Not only are school-aged children heading to the school building, but so are many three- and four-year-olds. Some of these little boys and girls are barely potty trained and they are being sent away from the comfort of home. Why so early?
For nearly a decade parents have been told that they may be doing their children great harm by keeping them at home. Parents have been told that they cannot adequately prepare their little ones for the rigors of kindergarten or first grade. These things are best left to professionals. So off go tiny tots, lugging oversized backpacks, to an institution of learning.

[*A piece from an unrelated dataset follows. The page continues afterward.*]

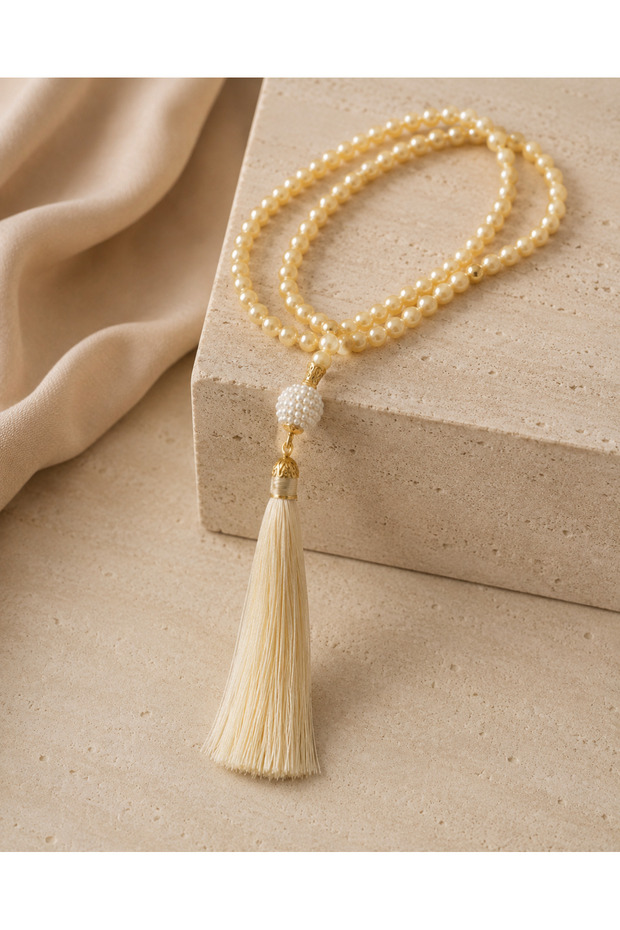 Pearl Beaded Tassel Prayer Beads 99 Pieces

The Universal Preschool movement began in the 1990s, but reached full steam when California put the issue before the voters. Many slogans, taken from a RAND Corporation study, made claims that children would be smarter, earn more money, not use drugs, and one ad even claimed Social Security would be saved. Who could deprive their child of that advantage?

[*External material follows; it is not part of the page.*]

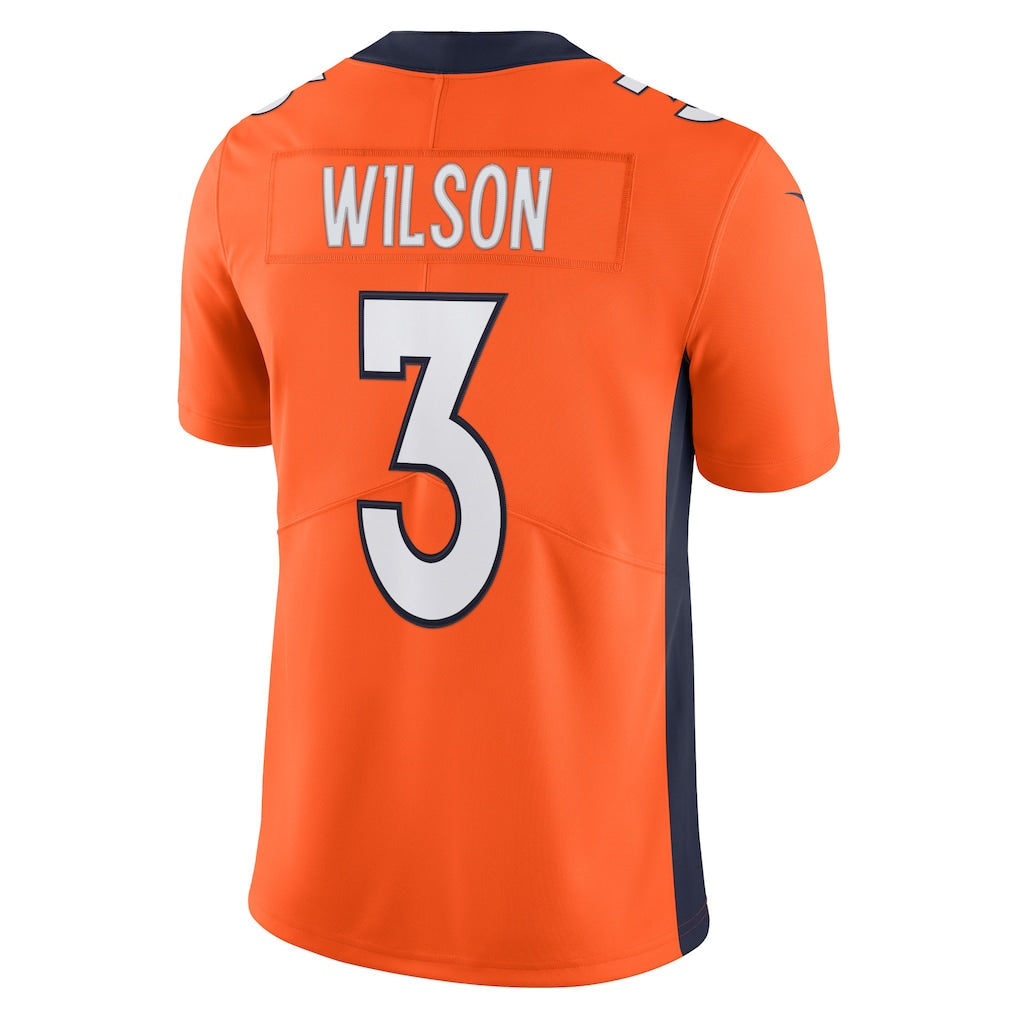 Tlead D.Broncos #3 Russell Wilson Orange Team Vapor Limited Jersey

Actually, real life hasn’t matched the claims. Government Accounting Office reports showing Head Start, the standard for most preschools, has not lived up to expectations. In fact, the much-reported statistic that says children who have been to preschool are academically ahead of their peers when entering kindergarten doesn’t hold true when the children get to third grade. All gains that seem to be made during preschool are lost. (See “The Real Numbers” from Preschool: At What Cost?)
Is your heart telling you that you have a better idea? That you are your child’s best teacher? As Dr. Benjamin Spock told several generations of parents, “Trust yourself.”
Read more about informal preschool.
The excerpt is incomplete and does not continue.